In the listing below, a line holding "A man and woman hold hands walking by a lake" and a line holding "Lipgloss texture with" mark the range. Retype both exactly, with all lines between them.

Information supplied section start

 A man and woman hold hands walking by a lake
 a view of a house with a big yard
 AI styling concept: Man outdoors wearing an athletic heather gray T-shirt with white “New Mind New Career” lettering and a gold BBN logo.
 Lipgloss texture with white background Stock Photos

Information supplied section end
Information supplied section start

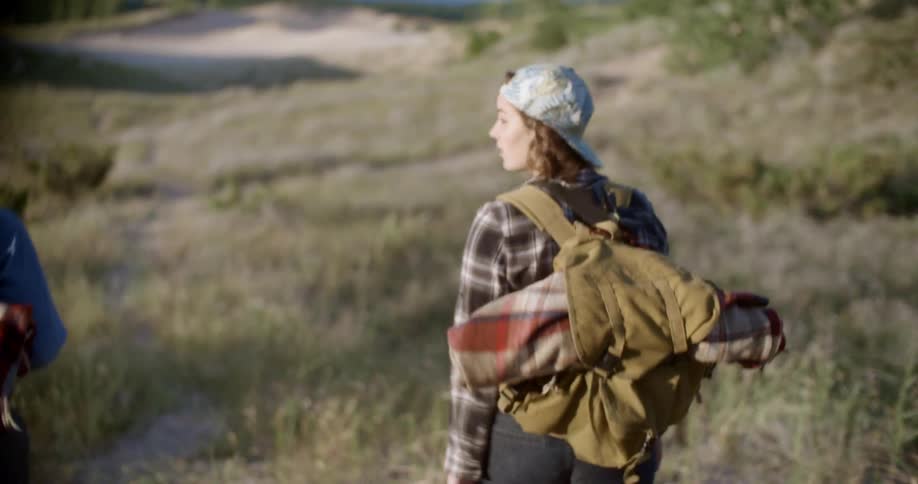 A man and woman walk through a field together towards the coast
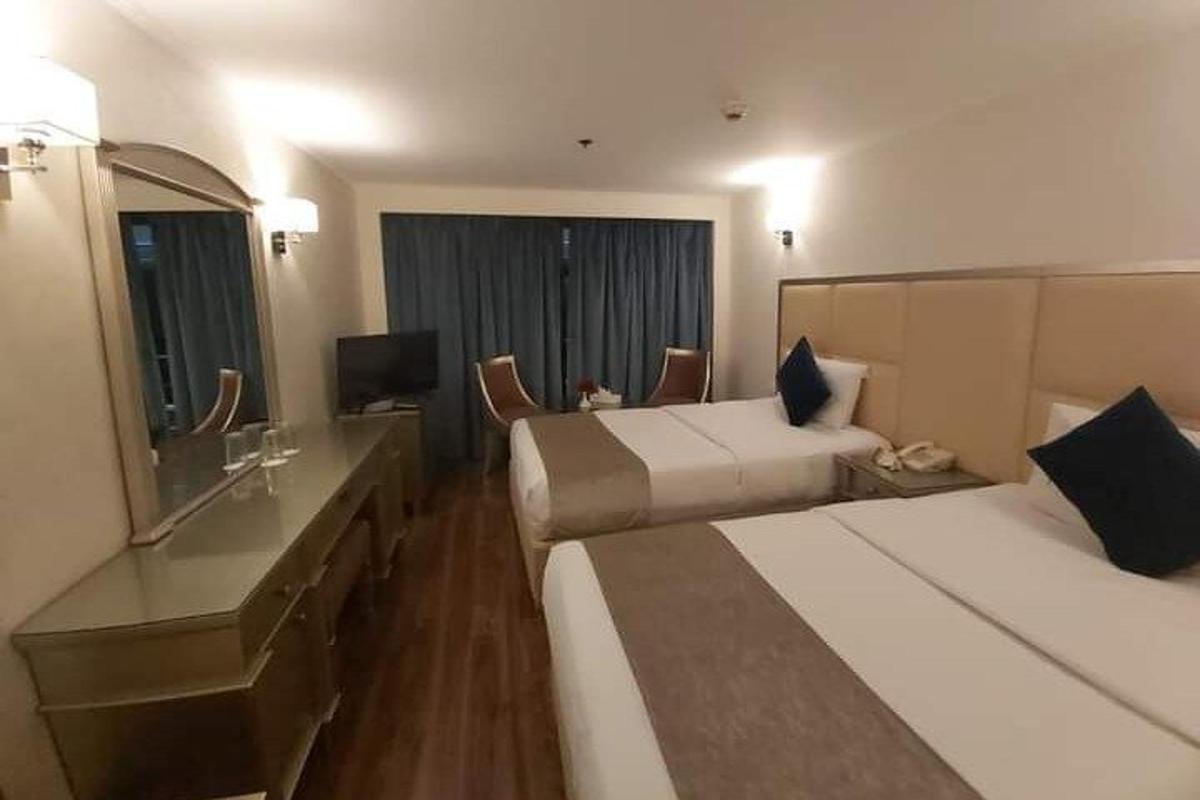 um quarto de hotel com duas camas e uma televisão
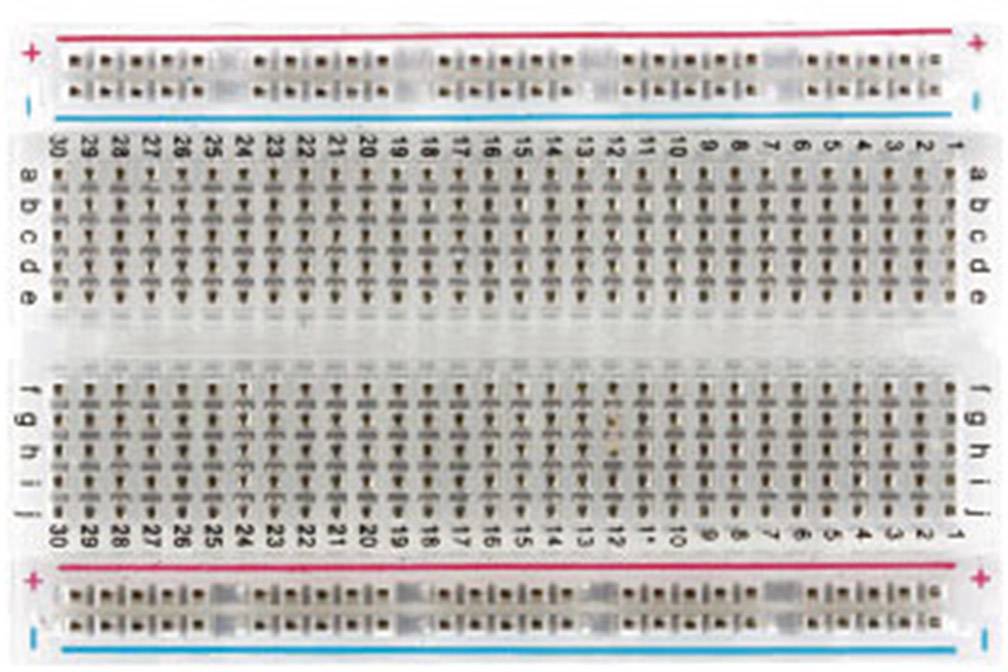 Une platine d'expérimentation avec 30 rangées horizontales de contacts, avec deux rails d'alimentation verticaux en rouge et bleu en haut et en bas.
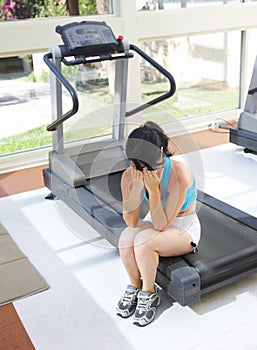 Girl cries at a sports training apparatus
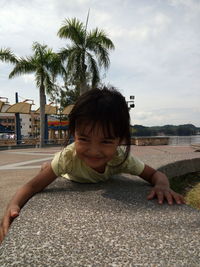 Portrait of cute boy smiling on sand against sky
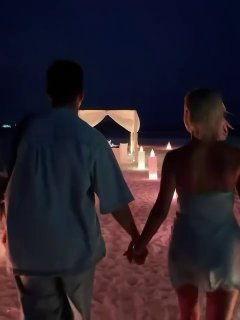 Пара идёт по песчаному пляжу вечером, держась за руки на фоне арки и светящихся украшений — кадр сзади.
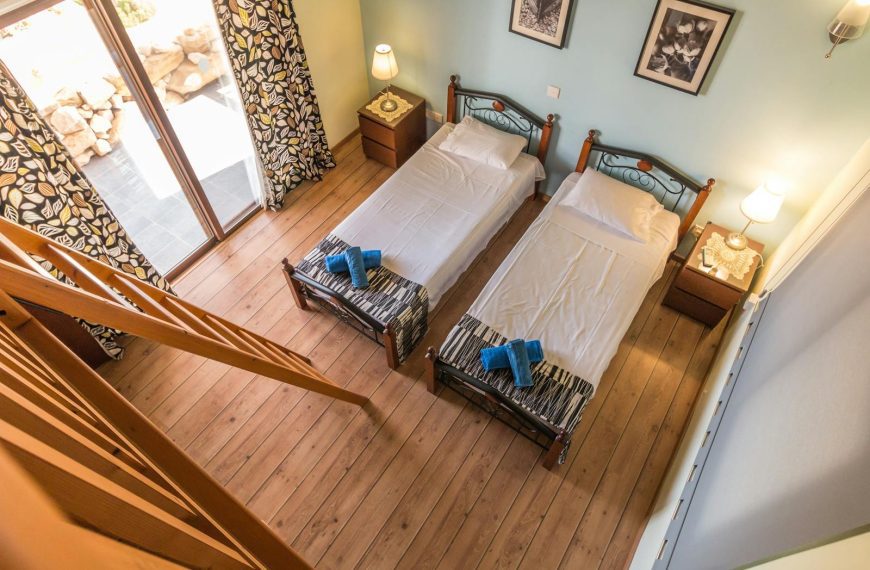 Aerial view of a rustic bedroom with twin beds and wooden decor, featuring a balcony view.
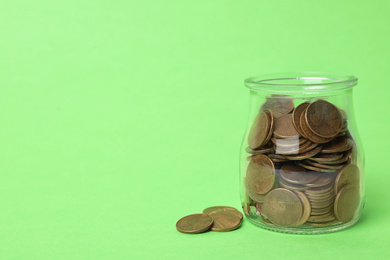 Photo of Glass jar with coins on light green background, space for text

Information supplied section end
Information supplied section start

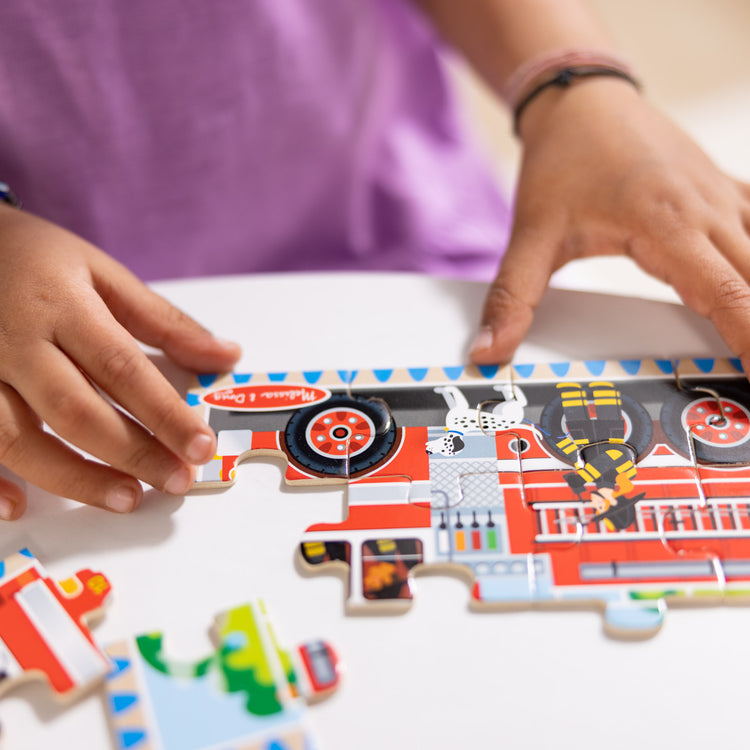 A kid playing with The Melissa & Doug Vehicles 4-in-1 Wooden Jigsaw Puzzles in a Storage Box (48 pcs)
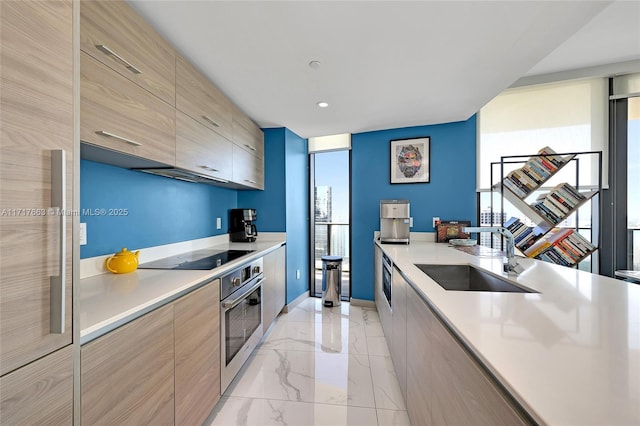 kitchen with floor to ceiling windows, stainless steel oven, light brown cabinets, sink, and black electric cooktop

Information supplied section end

> _Solved exercise_:
 A man and woman hold hands walking by a lake
 a view of a house with a big yard
 AI styling concept: Man outdoors wearing an athletic heather gray T-shirt with white “New Mind New Career” lettering and a gold BBN logo.
 Lipgloss texture with white background Stock Photos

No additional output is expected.